Over 30,000 IT pros, business leaders and partners gathered in Orlando, Fla. last week to attend Microsoft Ignite and Envision, its annual business and technology customer events. The gathering revealed a wide range of developments in cloud computing, security, edge computing, artificial intelligence and modern workplace.

But with these advancements comes a challenge for Microsoft in its battle for cloud supremacy against Amazon and Google: how to bridge the gap in pace between itself and many of its customers and partners who need help deploying all of its services on offer.

Let's take a look at the major themes and assess what they mean for Microsoft and the market.

'Tech Intensity'

In August, Satya Nadella famously declared: “You join Microsoft not to be cool, but to make others cool.” The opening keynote doubled down on its belief that, unlike other cloud providers who compete with customers, Microsoft’s role is to help customers become tech companies themselves.

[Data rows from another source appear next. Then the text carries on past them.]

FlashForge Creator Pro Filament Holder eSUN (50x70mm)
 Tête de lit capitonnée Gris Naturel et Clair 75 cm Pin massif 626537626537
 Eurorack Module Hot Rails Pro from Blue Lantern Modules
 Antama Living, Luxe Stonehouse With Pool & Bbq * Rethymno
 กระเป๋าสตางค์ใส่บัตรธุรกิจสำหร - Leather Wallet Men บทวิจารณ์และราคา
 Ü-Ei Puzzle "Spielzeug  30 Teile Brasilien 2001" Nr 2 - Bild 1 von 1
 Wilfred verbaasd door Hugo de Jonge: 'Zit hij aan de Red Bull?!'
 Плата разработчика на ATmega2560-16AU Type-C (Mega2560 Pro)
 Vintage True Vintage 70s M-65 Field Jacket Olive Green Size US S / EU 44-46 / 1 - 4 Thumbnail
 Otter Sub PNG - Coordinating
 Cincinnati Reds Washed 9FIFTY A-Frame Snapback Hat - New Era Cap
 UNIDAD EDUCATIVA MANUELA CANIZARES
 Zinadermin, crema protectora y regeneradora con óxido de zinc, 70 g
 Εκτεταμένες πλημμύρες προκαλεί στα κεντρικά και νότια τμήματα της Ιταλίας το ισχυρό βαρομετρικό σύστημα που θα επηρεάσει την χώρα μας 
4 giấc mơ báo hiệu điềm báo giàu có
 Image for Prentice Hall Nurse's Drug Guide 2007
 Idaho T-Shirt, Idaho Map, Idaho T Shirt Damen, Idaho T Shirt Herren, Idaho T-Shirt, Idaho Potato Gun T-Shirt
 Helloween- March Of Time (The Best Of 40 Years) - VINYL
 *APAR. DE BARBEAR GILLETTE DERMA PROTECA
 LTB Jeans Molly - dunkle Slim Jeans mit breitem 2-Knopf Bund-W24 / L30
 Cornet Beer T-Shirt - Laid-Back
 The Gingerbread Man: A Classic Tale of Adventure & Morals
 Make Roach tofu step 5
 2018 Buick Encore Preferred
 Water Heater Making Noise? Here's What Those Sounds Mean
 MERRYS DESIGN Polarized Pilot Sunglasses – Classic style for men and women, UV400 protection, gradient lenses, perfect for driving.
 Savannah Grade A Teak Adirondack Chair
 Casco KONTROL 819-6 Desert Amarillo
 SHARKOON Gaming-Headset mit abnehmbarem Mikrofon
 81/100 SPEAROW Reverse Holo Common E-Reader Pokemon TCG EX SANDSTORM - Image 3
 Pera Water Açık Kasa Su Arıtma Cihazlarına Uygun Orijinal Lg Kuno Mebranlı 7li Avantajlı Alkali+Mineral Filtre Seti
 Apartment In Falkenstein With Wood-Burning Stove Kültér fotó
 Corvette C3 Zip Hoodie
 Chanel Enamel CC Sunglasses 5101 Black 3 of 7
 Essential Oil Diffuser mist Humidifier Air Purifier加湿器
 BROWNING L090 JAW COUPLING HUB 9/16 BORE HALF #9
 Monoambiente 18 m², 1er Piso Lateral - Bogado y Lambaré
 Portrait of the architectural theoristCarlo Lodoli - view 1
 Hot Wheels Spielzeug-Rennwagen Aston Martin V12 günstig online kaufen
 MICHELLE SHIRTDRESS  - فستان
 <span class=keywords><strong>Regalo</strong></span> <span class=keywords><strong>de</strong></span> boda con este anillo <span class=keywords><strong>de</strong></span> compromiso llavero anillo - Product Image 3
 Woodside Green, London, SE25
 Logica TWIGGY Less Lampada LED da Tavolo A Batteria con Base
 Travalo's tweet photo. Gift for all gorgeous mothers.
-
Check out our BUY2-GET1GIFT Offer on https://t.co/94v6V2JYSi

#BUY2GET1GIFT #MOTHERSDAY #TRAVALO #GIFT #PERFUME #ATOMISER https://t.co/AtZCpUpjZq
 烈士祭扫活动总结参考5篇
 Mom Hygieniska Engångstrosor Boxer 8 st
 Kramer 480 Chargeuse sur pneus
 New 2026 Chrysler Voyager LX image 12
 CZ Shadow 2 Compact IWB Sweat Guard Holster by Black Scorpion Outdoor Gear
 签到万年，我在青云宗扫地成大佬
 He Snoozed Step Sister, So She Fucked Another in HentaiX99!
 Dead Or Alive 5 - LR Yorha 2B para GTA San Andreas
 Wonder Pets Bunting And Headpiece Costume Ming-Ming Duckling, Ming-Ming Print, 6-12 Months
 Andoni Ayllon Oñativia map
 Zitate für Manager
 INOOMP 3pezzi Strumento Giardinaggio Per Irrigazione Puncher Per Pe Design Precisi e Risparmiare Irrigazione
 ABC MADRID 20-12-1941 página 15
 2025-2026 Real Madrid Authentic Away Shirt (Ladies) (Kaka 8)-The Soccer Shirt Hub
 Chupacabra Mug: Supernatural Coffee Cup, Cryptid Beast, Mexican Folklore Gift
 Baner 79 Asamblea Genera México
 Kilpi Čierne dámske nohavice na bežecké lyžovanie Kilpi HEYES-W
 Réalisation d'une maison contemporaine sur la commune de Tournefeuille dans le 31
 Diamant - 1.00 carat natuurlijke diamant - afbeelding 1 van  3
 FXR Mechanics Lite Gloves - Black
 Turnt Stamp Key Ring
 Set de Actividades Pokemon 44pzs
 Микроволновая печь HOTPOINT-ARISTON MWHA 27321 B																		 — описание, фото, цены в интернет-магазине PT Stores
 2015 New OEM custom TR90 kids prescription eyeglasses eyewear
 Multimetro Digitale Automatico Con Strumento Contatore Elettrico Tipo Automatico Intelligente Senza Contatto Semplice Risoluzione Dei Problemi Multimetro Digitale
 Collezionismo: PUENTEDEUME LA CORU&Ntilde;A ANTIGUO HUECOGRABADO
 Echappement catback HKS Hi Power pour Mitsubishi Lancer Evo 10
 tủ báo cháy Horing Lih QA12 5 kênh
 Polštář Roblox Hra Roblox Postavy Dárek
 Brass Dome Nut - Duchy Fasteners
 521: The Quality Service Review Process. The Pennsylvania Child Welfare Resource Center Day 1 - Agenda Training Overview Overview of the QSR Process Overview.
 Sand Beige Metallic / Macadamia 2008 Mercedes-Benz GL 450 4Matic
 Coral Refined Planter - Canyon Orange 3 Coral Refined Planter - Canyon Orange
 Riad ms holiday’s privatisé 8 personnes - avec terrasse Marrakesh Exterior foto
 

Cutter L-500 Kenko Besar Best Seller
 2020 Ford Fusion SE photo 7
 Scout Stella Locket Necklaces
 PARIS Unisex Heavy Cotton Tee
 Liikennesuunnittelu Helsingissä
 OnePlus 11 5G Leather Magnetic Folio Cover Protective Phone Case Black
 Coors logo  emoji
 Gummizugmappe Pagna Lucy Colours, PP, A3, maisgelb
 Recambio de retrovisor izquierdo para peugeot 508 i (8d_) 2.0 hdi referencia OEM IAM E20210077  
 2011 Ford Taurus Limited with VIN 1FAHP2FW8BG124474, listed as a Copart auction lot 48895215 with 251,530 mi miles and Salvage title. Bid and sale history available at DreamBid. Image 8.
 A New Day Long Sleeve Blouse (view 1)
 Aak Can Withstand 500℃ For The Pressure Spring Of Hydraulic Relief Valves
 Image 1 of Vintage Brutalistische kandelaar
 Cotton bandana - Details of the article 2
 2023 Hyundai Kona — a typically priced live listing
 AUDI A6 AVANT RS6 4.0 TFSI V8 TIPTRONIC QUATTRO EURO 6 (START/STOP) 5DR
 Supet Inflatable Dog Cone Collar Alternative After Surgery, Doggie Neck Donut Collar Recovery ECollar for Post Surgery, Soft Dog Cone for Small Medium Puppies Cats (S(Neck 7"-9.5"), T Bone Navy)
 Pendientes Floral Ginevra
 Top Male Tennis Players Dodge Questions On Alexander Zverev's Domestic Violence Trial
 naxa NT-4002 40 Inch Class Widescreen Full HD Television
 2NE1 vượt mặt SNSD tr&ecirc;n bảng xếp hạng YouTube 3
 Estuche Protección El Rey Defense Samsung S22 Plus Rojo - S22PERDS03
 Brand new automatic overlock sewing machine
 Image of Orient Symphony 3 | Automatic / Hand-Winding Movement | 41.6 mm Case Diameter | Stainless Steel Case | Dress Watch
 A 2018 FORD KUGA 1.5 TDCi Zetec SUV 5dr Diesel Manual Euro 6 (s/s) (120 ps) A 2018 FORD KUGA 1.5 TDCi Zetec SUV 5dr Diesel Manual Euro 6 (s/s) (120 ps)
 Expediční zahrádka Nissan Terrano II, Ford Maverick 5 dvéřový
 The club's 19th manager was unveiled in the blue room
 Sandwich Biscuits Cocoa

Nadella introduced the concept of "tech intensity" — an ethos driving companies to adopt technology quickly, break down silos, change culture and build up their digital capabilities. Microsoft customers Shell, Walmart, BMW and others were held up as examples of tech intensity in practice.

Nadella was also joined on stage by Adobe CEO Shantanu Narayen and SAP CEP Bill McDermott to announce the Open Data Initiative. This open alliance between cloud service suppliers hopes to open up customer data locked in separate applications to artificial intelligence systems and improve the customer experience.

Although details are light at this stage, implementing standards to make data more extensible is a move in the right direction for customers and will certainly put pressure on Google and Salesforce, currently missing from the project.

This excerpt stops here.